With all due respect, and I’m sure you are aware, as part of the decision, bishops and other church officials were granted the right to refuse to officiate homosexual marriages. Priests who do not want to celebrate a marriage between a same-sex couple will still have the right to object. So it’s clear you have the option to remain and not perform legal marriages between 2 of God’s children whose orientation and natural attraction happens to be towards a partner of the same gender.
With all due respect, that doesn’t mean anything substantially. A few days ago, I heard that after the institution of the liturgy (probably in January), I could still, legitimately, proclaim the tradition and biblical view. But that is simply not the case
Of course I can preach that, but when the Church has instituted a new teaching, I cannot preach a different view and claim to represent the Church’s teaching. Even though both priests and bishops have made the claim, two mutually excluding views cannot both be the official teaching of a Church.
As a priest, I preach as a representative of the Church, and of my bishop, and I am in communion - sacramentally AND doctrinally with everyone he is in communion with. If A is in communion with B, and B is in communion with C, then A is in communion with C, if he wants to or not. So unless there is granted alternative episcopal oversight (essentially two communions under one roof), I will have to leave.

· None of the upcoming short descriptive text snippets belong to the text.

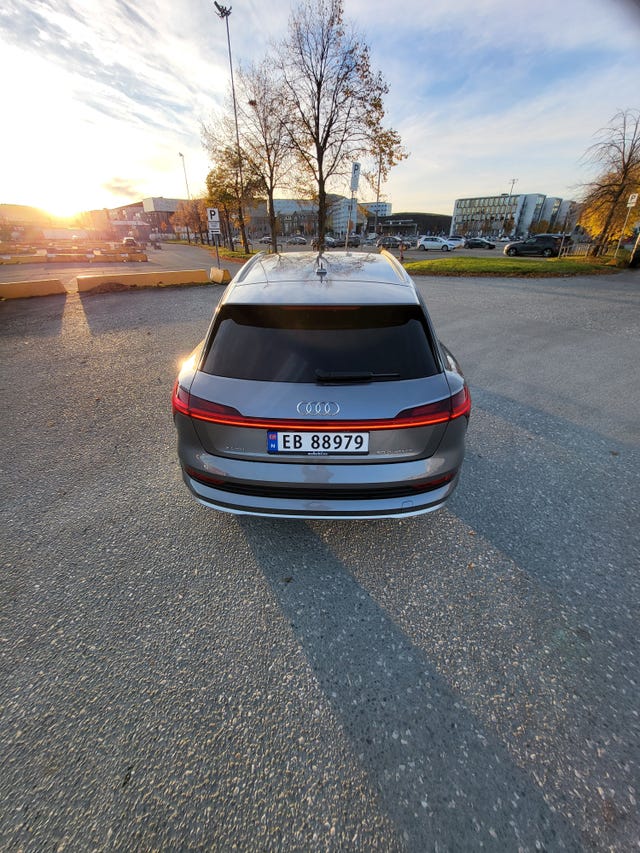 WAUZZZGE9MB008821 2021 AUDI E-TRON-3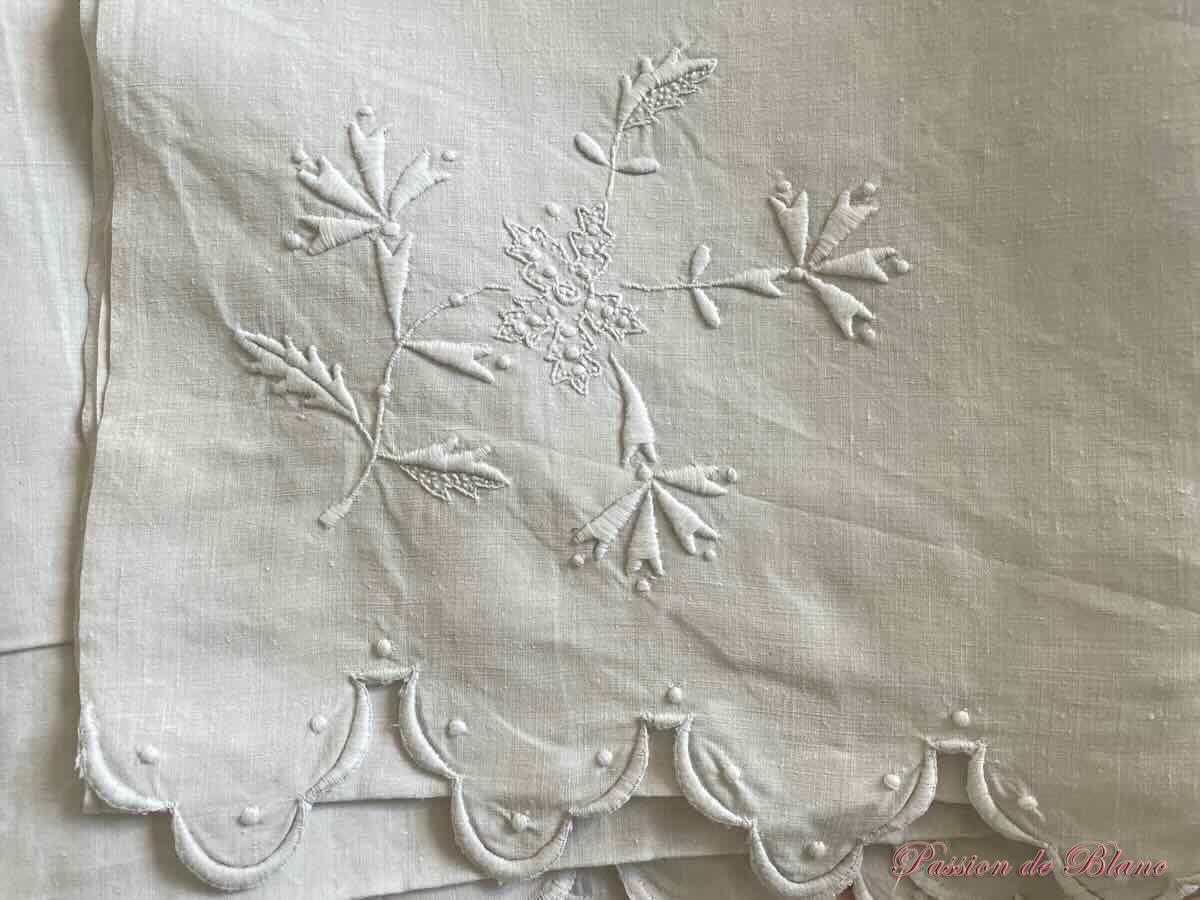 Drap festonné en lin neuf avec grand monogramme CC brodé main – Image 5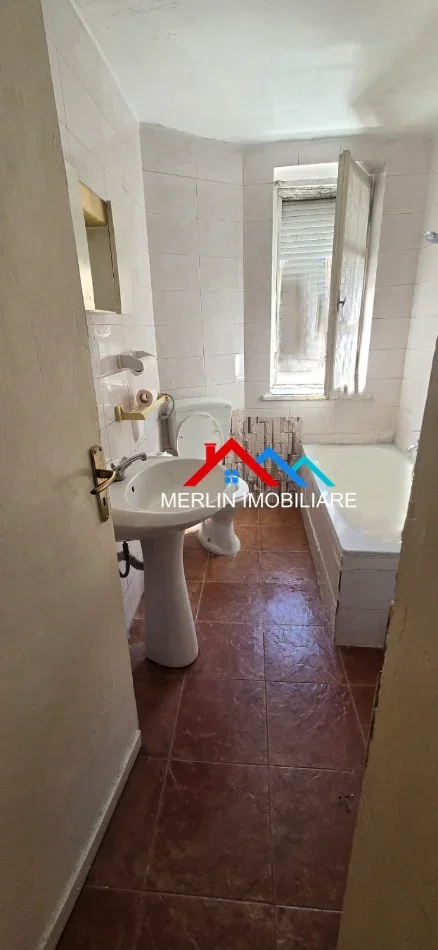 Tirane, shitet apartament 2+1+Ballkon Kati 2, 72 m² 193.000 € (RRUGA MYSLYM SHYRI)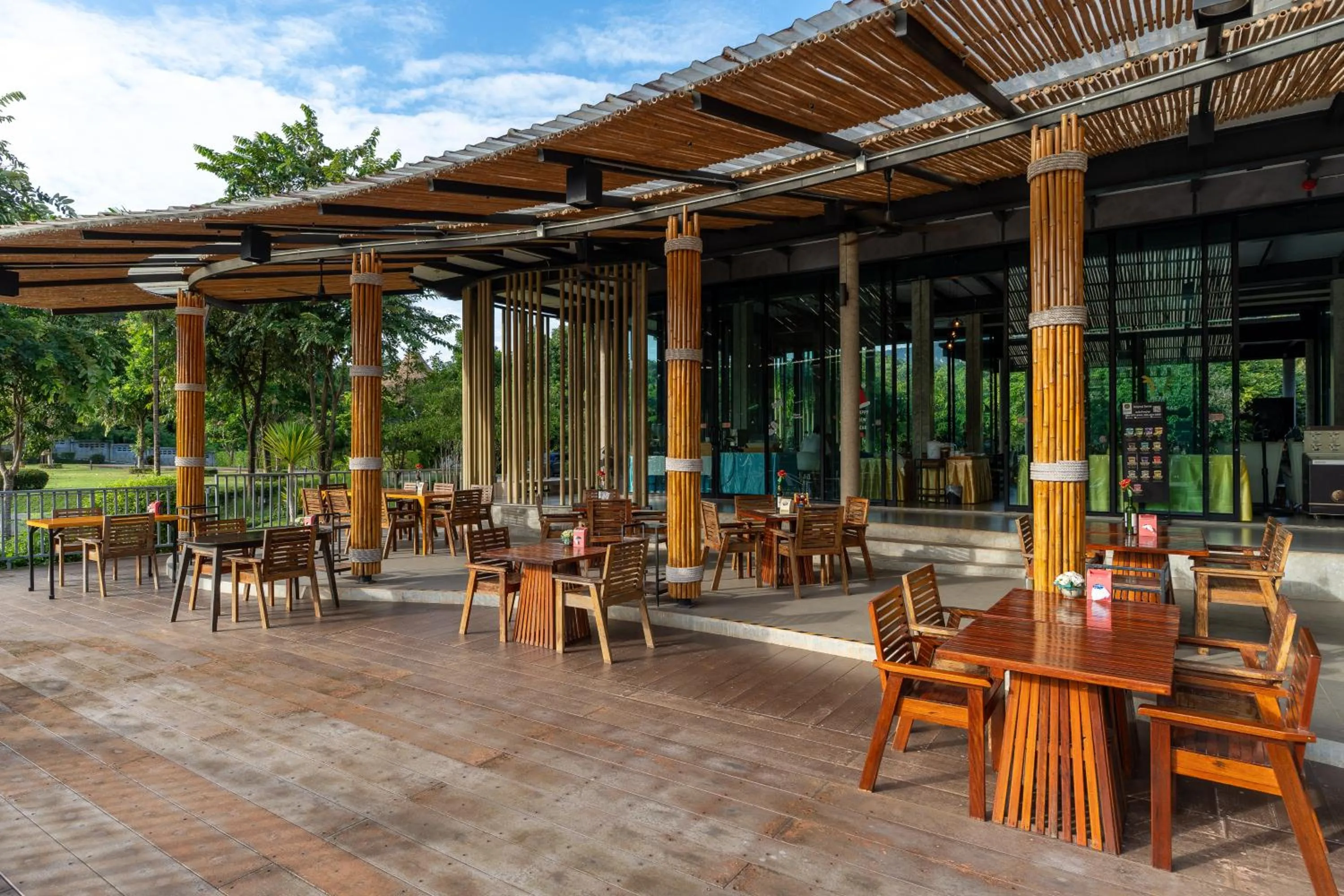 Restaurant/places to eat in Binlha Raft Resort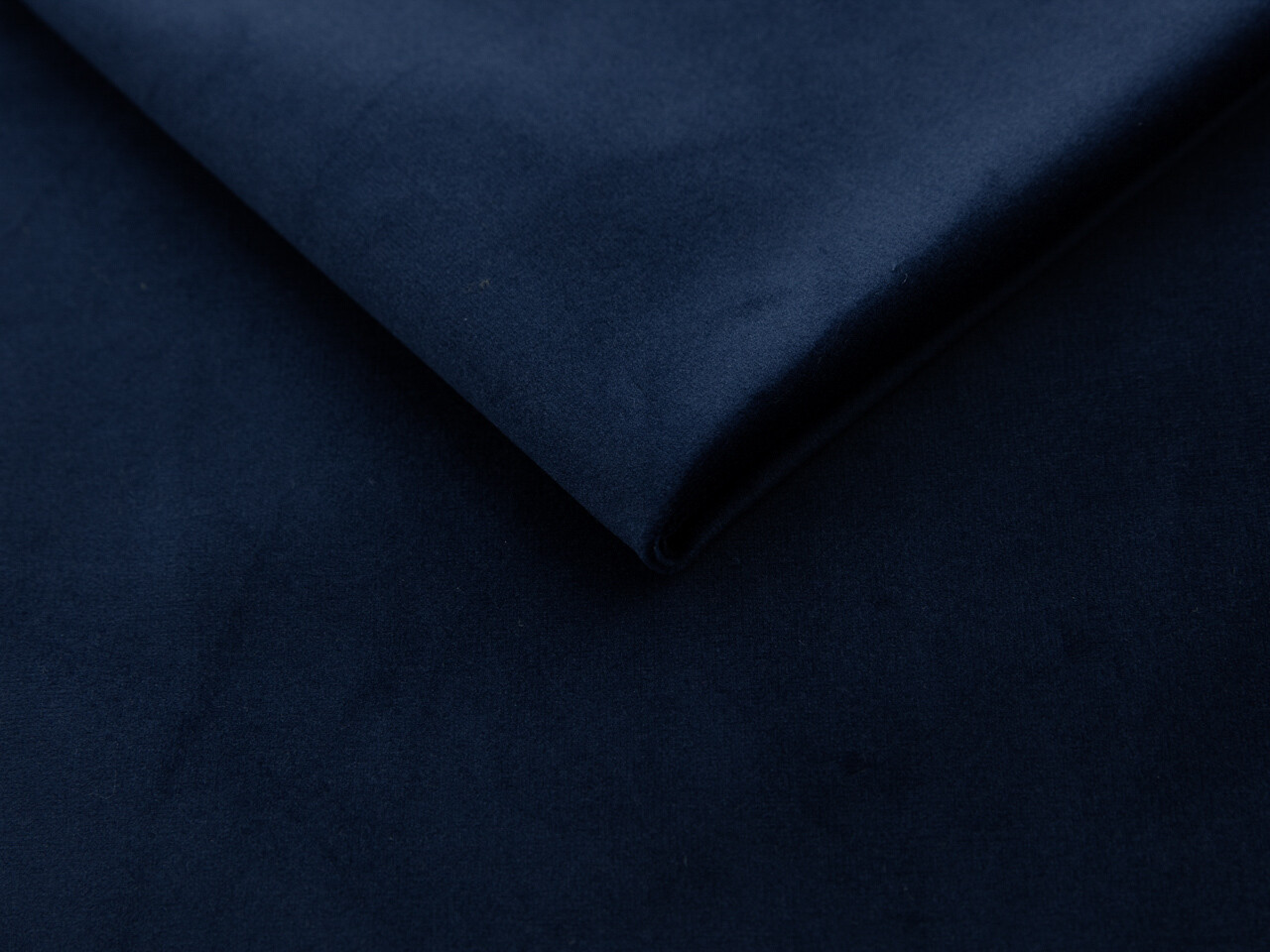 Fotelja Clovis 100 (Magic Velvet 2216)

My bishop told me that I shouldn’t go, because I’m so young (33). I didn’t answer him, but if I did, I would ask him what my age had to do with it. Practically, I’m at an age where I could easily get a new (and probably better paying) job, if I couldn’t continue (somewhere else) as a priest, and existentially his points were just weird. Did he ask me to compromise my conscience for 30 years ‘because I’m young’?
It reminds me of the scene, in
A Man For All Seasons, between Norfolk and Thomas More where Norfolk asks More to sign the declaration, “for fellowship,” whereupon More answers: “And when we die, and you are sent to heaven for doing your conscience, and I am sent to hell for not doing mine, will you come with me, for fellowship?”